Segment Open

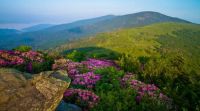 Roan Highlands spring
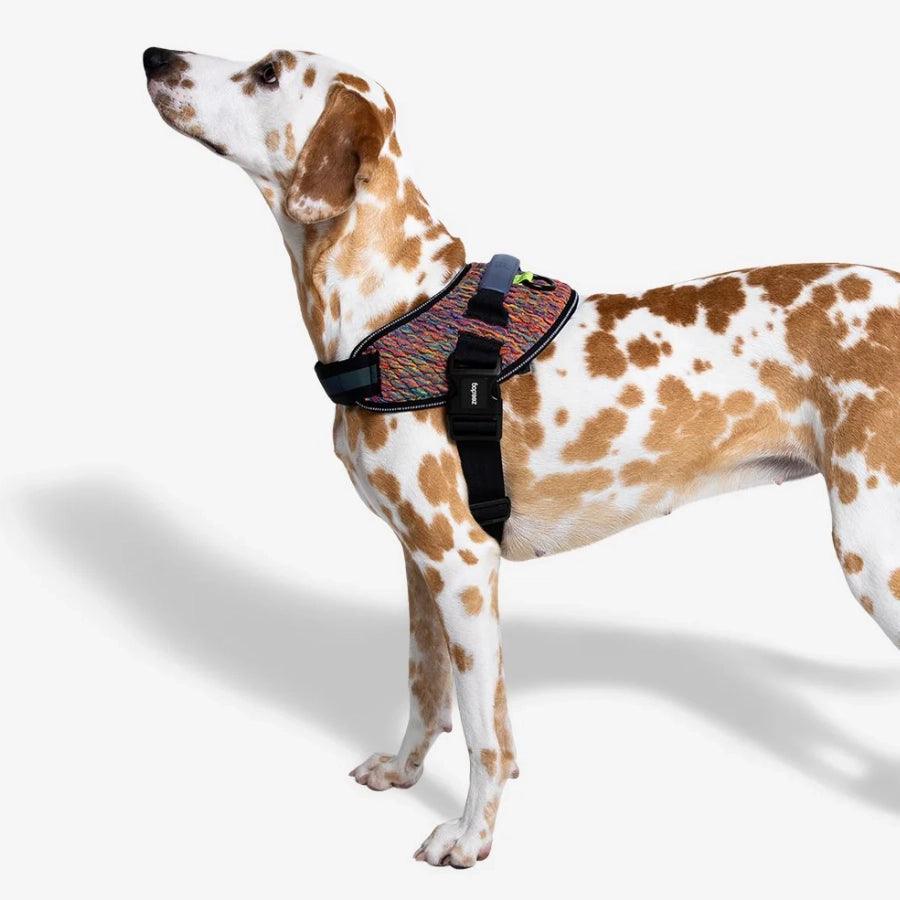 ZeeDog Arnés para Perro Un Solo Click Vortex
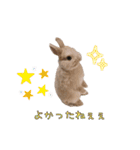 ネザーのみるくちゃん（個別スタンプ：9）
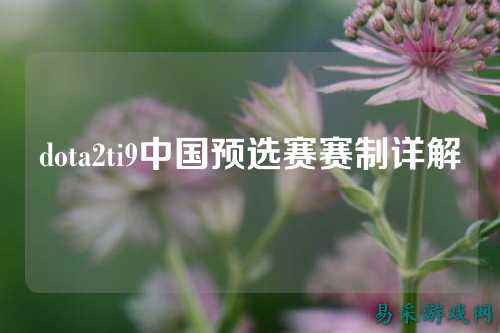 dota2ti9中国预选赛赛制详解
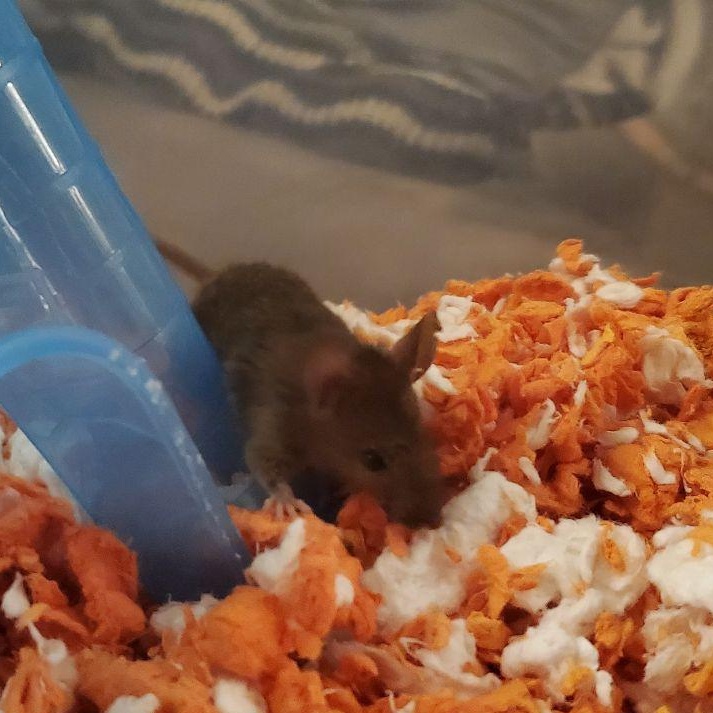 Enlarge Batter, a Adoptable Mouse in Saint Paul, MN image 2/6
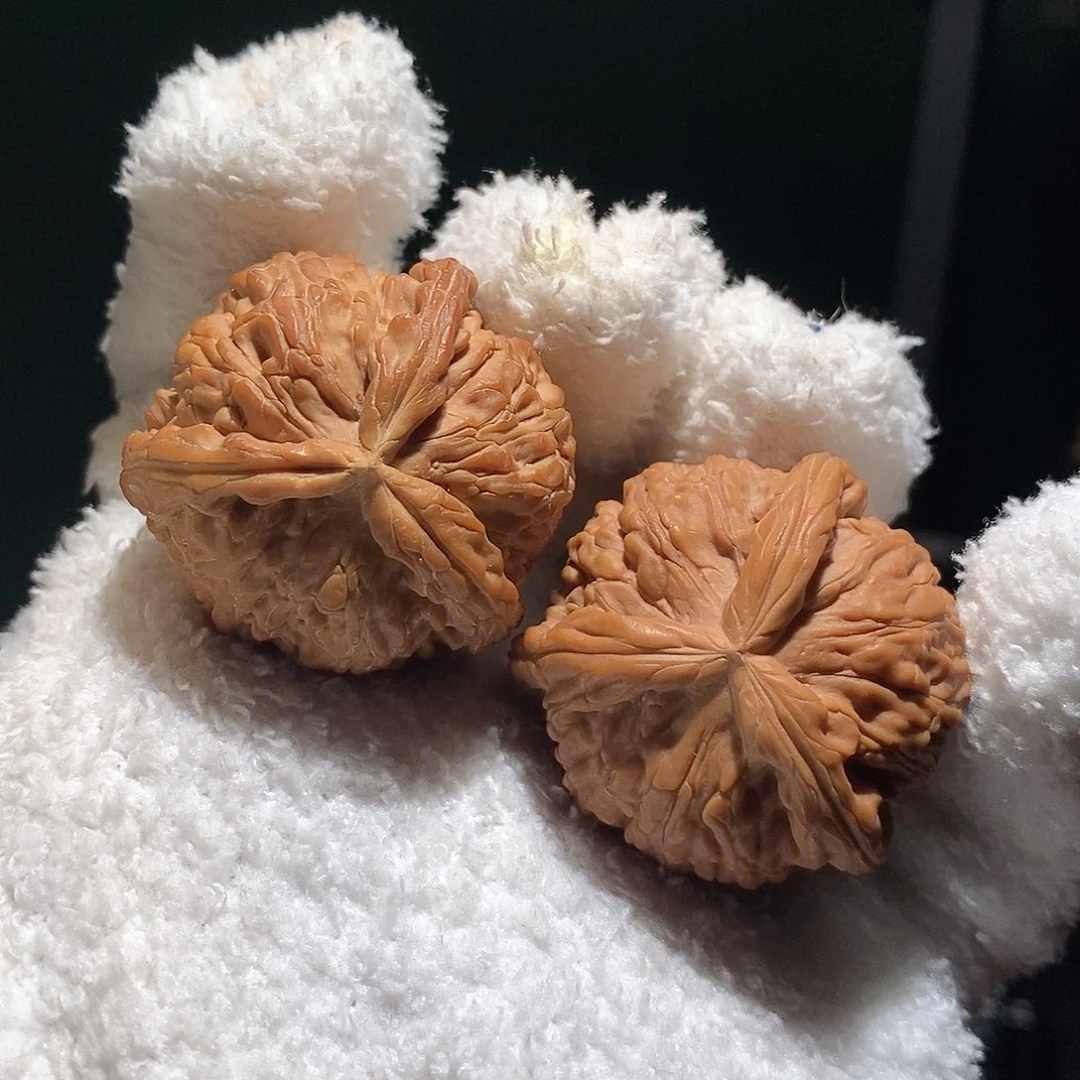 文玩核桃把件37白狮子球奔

Segment Closed
Segment Open

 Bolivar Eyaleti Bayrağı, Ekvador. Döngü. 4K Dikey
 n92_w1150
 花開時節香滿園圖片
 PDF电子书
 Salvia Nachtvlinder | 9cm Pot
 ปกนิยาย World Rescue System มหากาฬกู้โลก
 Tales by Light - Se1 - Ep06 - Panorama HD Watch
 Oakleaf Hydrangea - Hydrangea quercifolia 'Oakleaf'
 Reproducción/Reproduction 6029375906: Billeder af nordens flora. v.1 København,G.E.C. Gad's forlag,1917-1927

Segment Closed

ASSIGNED TASK
Above, find the line with "ZeeDog Arnés para Perro Un Solo Click Vortex"; copy it and every line down to the line with "文玩核桃把件37白狮子球奔", exactly and both included, but no pictures.

ANSWER SECTION
 ZeeDog Arnés para Perro Un Solo Click Vortex
 ネザーのみるくちゃん（個別スタンプ：9）
 dota2ti9中国预选赛赛制详解
 Enlarge Batter, a Adoptable Mouse in Saint Paul, MN image 2/6
 文玩核桃把件37白狮子球奔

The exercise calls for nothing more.